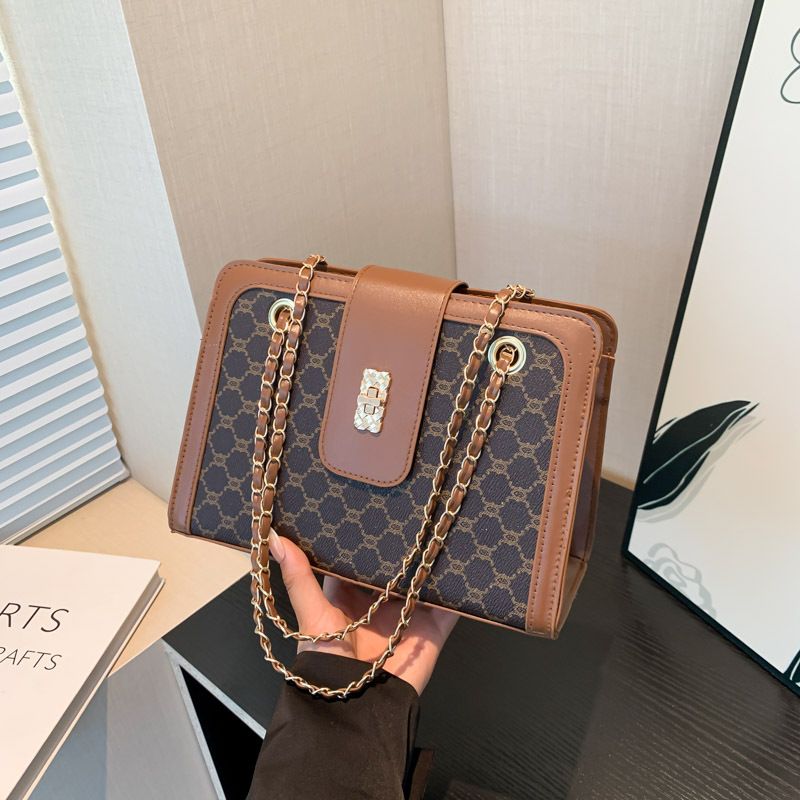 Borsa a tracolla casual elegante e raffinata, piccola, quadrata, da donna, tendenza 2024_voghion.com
---
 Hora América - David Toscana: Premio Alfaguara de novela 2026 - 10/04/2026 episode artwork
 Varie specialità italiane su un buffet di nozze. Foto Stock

What the task asks -> Return, with no change at all, every line in the entries above from the line containing "Hora América - David" through the line containing "Varie specialità italiane".

Problem solution ->
 Hora América - David Toscana: Premio Alfaguara de novela 2026 - 10/04/2026 episode artwork
 Varie specialità italiane su un buffet di nozze. Foto Stock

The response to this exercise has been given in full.